Having extra time to prepare for the Yellow Jackets’ dynamic offense has been a plus, Hokies coach Frank Beamer said Thursday. They have also spent time preparing to face the Georgia Tech defense because it also presents some different challenges.
For cornerback Kyle Fuller, a defensive leader and signal-caller, the added time has been especially helpful.
“It is definitely a little bit more difficult than going against a regular offense just because of how unique this offense is,” he said. “You have to be very focused on the key reads and things like that, so it’s definitely good to have a lot of extra time to prepare for these guys. But we’ve been preparing all summer, just looking at past games, anything we can get.”
The Hokies’ recent history also serves as a reminder that starting fast is a huge plus.
Virginia Tech has opened with big games before, with little success recently. The Hokies lost to East Carolina to start the 2008 season, fell to Alabama to begin 2009 and stumbled against Boise State to open 2010. The biggest differences between those neutral-site games and this one: The Yellow Jackets are Virginia Tech’s chief rival in the Atlantic Coast Conference Coastal Division and the Hokies are playing at home.
Add two consecutive losses to end last season, and Logan Thomas and company are raring to go.
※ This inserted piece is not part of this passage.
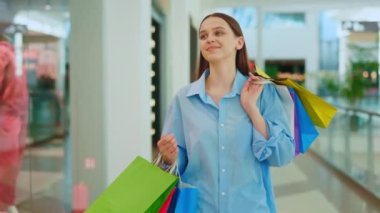 Şık giyinmiş genç bayan müşteri alışveriş yaptıktan sonra kendini mutlu hissediyor. Alışveriş merkezine ya da ticaret merkezine bir sürü renkli paketle giden bir alıcı. Elinde bir sürü paket olan gülümseyen kadın.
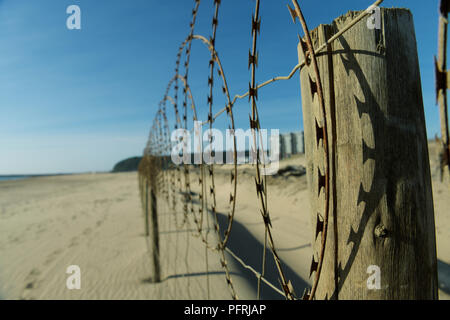 Durban, KwaZulu-Natal, Sud Africa, weathered recinto sulla spiaggia dove il filo spinato è ombra di colata su legno fencepost, paesaggio, città Foto Stock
“Somebody asked me earlier today. ‘Does coming off the last two games make it harder to get ready for the first game?’” Thomas said. “... It makes it that much easier. It makes us want to come out and work in the summer. It makes us want to get better in the spring. I think we’ve done so, and having Georgia Tech as the first game is awesome because we get to play a really meaningful game the first game of the season. Georgia Tech is a great team and we think we’re a great team as well, and it’s a good test of confidence for week one.”
In the seven-year history of the ACC championship game, the Hokies have represented the division five times, Georgia Tech twice.
“It doesn’t get any harder than this. This is a team that, if we don’t win, they win the division, so that shows how important this game is,” Fuller said. “The coaches have put that in our head ... so that’s all we can do is come out, prepare and be ready.”
Virginia Tech has won the last two meetings against Georgia Tech and has nine starters back on defense. The newcomers are safeties Detrick Bonner and Kyshoen Jarrett. Linebackers Bruce Taylor and Jeron Gouviea-Winslow are back after injuries shortened their 2011 seasons.
Even with the inexperience on the back end of the defense, the Hokies’ goal is to make Yellow Jackets quarterback Tevin Washington throw the ball.
“Really, we’re focused on the run and that’s what we want to stop,” Gouviea-Winslow said. “I think if we can get them to pass the ball ... that’s where we’ll have the advantage. Put the ball in the air; give us an opportunity for turnovers, incomplete passes, loss of downs. I wouldn’t be surprised if they came out and tried to throw the ball on us, but I don’t think that’s what they’re gonna do.
“It would be interesting if they did do that. I think it would help us actually, if they put the ball in the air.”
Washington, in his second full season as the starter, was third nationally in rushing yards by a quarterback last season with 987, and third in rushing touchdowns with 14. He was also among the leaders in passing efficiency, but completed just 74 of 150 attempts.
Against the Hokies, he ran for all three of Georgia Tech’s touchdowns in their 37-26 loss at home.
“He hurt us on some plays last year,” Beamer said. “He’s run (the offense) enough where he feels very comfortable in it and I think there’s no question about his ability to run that offense. He’s hit some big passes against us last year throwing the ball.”
The Hokies hope to force him to try to do it again Monday night.